Lidar specifications.

Table 2.

c. Retrieval of particle size and LWC using CSET measurements

The retrieval method described in sections 5 and 6 was applied to the observations collected during CSET project (Albrecht et al. 2019; Schwartz et al. 2019). Figures 15a and 15b show B-scan displays of Z and β, respectively. The data were collected in zenith-pointing mode from GV between 1915 and 1920 UTC 24 July 2015. The horizontal axis designates the time the aircraft traveled. The aircraft altitude was 100 m MSL. The 5-min duration of the observation corresponds to a 42-km swath. The maximum altitude of the stratocumulus clouds is less than 3 km, and they are all warm clouds. Reflectivity values range between −30 and 10 dBZ. The middle panel shows the attenuation-corrected lidar backscatter measurements. Lidar backscatter was corrected for attenuation using the HSRL extinction measurement as described in section 7b. The peak values of lidar measurements correspond to the cloud base. Below the cloud base, the increase in Z is due to the larger mean droplet size or drizzle. The bottom panel shows the attenuation-corrected HCR reflectivity. Reflectivity is usually underestimated because of the attenuation of the radar signal as it propagates through cloud layers. Therefore, attenuated W-band radar measurements must be corrected for attenuation effects before retrieving particle size and LWC. The attenuation correction is based on the AZ power-law relations in section 4. The HCR reflectivity was corrected for attenuation using the simple power-law Eq. (3) between reflectivity and attenuation (Hitschfeld and Bordan 1954).

Fig. 15.
Fig. 15.

Data collected in zenith-pointing mode from GV between 1915 and 1920 UTC 24 Jul 2015 during CSET. The horizontal axis designates the time that the aircraft traveled. The aircraft altitude was 100 m MSL and is shown as a black line. The 5-min duration of the observation corresponds to a 42-km swath. Shown are (a) HCR and (b) HSRL measurements of radar reflectivity and lidar backscatter, respectively, and (c) attenuation-corrected HCR reflectivity.

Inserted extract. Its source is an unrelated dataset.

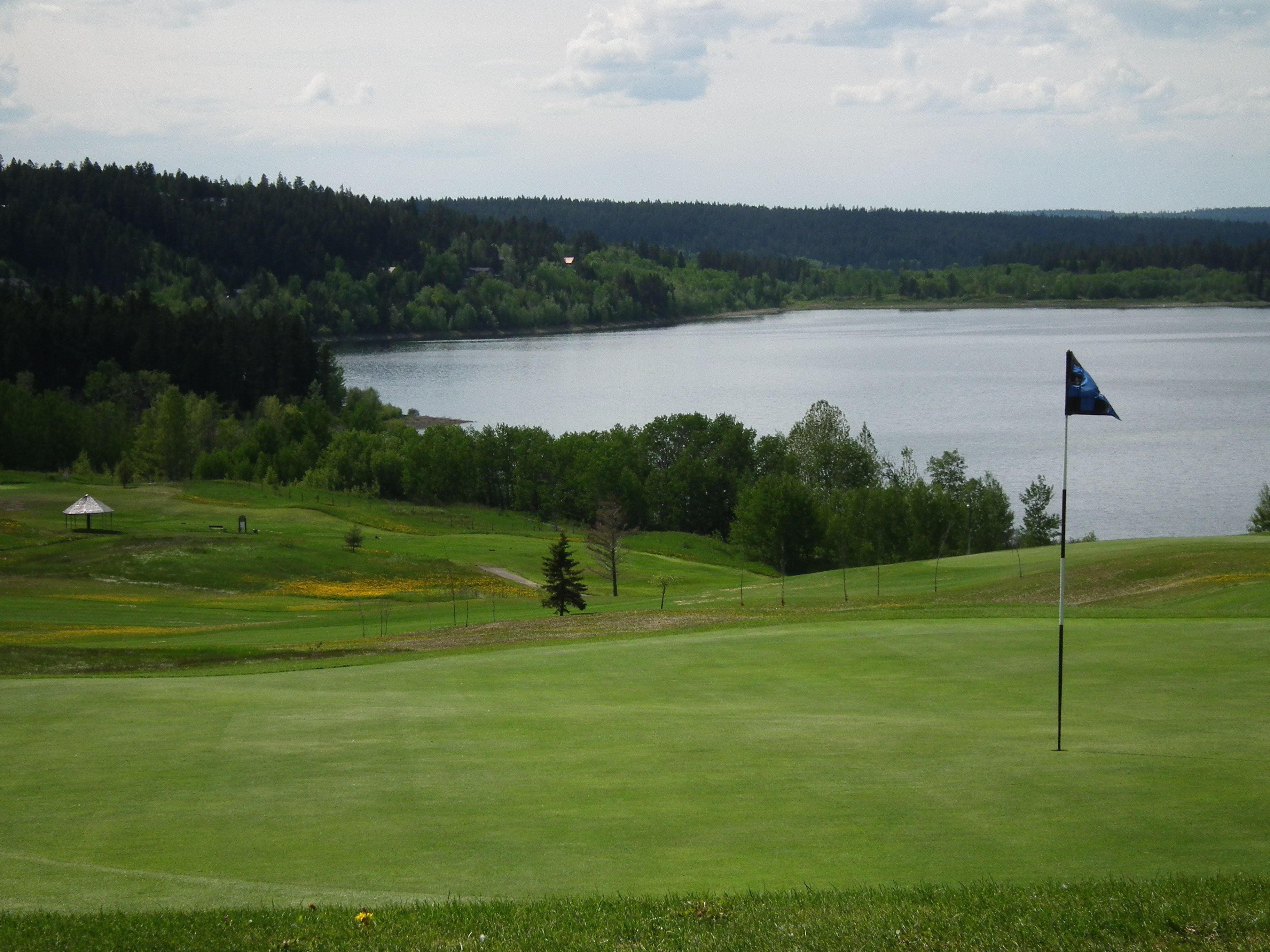 Camp de golf amb una bandera, un estany i una zona boscosa al fons.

Citation: Journal of Atmospheric and Oceanic Technology 37, 11; 10.1175/JTECH-D-19-0092.1

In addition to the radar and lidar observations, concurrent seven-channel GVR measurements were also collected in order to measure the LWP. Since there were no concurrent in situ measurements of particle size and LWC from a second aircraft during CSET, the LWP estimated by G-band radiometer was used for validation of the LWC retrieved radar and lidar. Radar and lidar-based retrieved LWC is in grams per meter cubed, and the G-band radiometer path-integrated LWC is in millimeters.

Intrinsic spatial resolutions of all three instruments, namely, HCR, HSRL, and GVR, are different. The HSRL footprint is 40 cm, the HCR footprint varies between 4 and 35 m, and the G-band radiometer footprint varies from 10 to 90 m. These various footprints were averaged over 0.5-s flight duration that corresponds to 70-m spatial resolution along the flight track. The spatial resolution along the aircraft track is averaged for keeping the same spatial resolution for individual sensors along the flight track, but the cross-track resolutions of sensors vary between 40 cm and 100 m as a function of instrument footprint.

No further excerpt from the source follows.